Del resto, Il servizio di pubblica necessità a differenza dell’attività che compie il pubblico ufficiale o l’incaricato di pubblico servizio, è svolto in genere da soggetti che devono compiere delle attività particolari di rilevanza collettiva. Questo aspetto rende allora necessario che i soggetti che svolgono tali funzioni, siano considerati idonei a farlo e a tal fine si richiede una specifica abilitazione il cui rilascio è subordinato all’accertamento positivo in ordine alla sussistenza di determinate qualifiche tecniche e di requisii di probità.

Il problema della falsità delle attestazioni del difensore si è riproposto quando la legge cui è fatta menzione, ha autorizzato lo stesso alle indagini investigative ai fini della prova processuale e quindi ha conferito allo stesso i poteri del p.m. In ragione di ciò si ha una piena parificazione tra i poteri investigativi del giudice e quelli del difensore e conseguenzialmente gli esiti delle indagini e le relative attestazioni assumono valore analogo a quelli della pubblica accusa e perciò solo, hanno valore di atto pubblico. Di qui allora il relativo quesito se continuare ad applicare l’art. 481 c.p. già utilizzato in passato per le false autentiche delle firma, perché si è in presenza di attestazioni che il difensore rilascia come esercente funzione di pubblica necessità ovvero sono attestazioni false punibili secondo le relative norme perché si tratta di atti che per effetto della novella sono fede facenti.

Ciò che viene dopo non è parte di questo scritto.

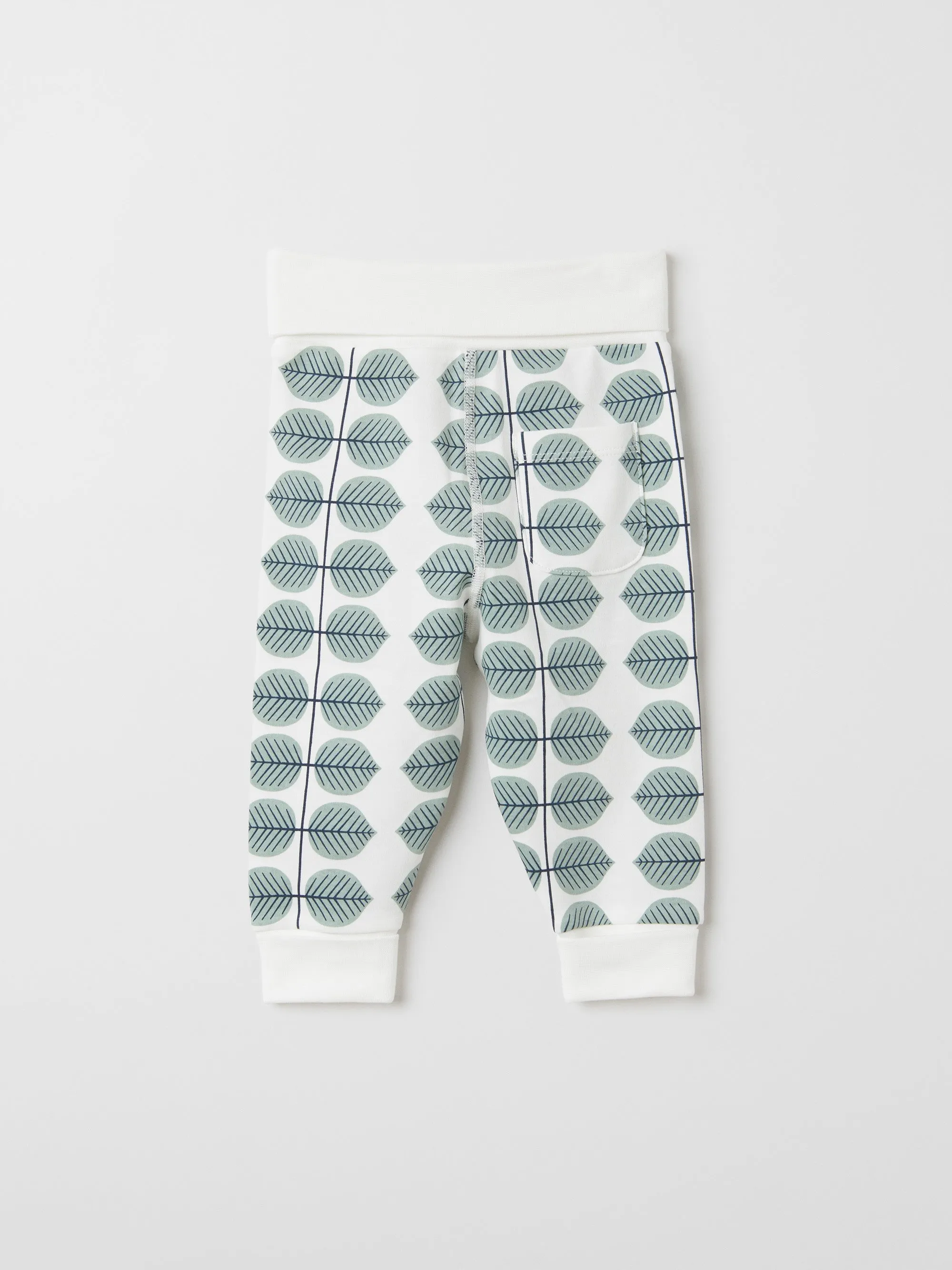 Scandi Leaf Print Baby Leggings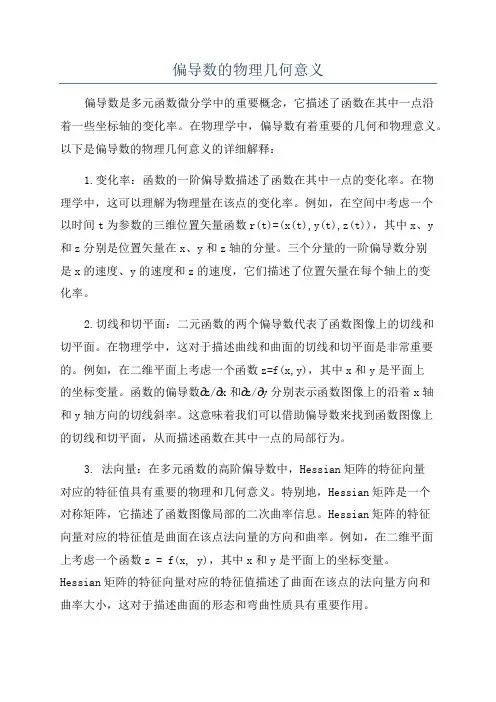 偏导数的物理几何意义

L’orientamento della giurisprudenza

La giurisprudenza, partendo dalla considerazione per cui la legge del 2000 ha parificato il difensore al p.m., equipara quest’ultimo ad un pubblico ufficiale, quindi le relative attestazioni sono atti pubblici e perciò solo è possibile che il difensore sia chiamato a rispondere di falso ideologico di cui all’art. 479 c.p., sebbene in modo occasionale e nelle limitate ipotesi in cui svolga un ruolo difensivo.

La soluzione appena prospettata lascia adito alla dottrina a non pochi dubbi: infatti, nonostante la ricomprensione degli atti difensivi nell’ambito degli atti pubblici il difensore non può utilizzare le risultanze che emergono dalle indagini difensive svolte perché sfavorevoli al suo assistito sicché a rigore, attraverso l’equiparazione effettuata dalla giurisprudenza, si deve arrivare ad ammettere che viene ad essere integrato con questa condotta un omissione di atti d’ufficio.

Proprio in questa ultima considerazione, risiede la critica più penetrante alla applicazione dell’art. 479 c.p. in merito alle false attestazioni del pubblico ufficiale perché se è vero che, coerentemente con l’ufficio svolto dal difensore, costui non ha l’obbligo di esibire ciò che può compromettere la posizione del proprio assistito è sempre vero che ciò non va ad integrare una condotta di favoreggiamento. Pertanto, questo dato è indice di una non piena parificazione tra atti del p.m. e difensore specie se si considera l’obbligo contrario del p.m. di riferire anche fatti e circostanze emerse dalle indagini e favorevoli all’indagato o all’imputato.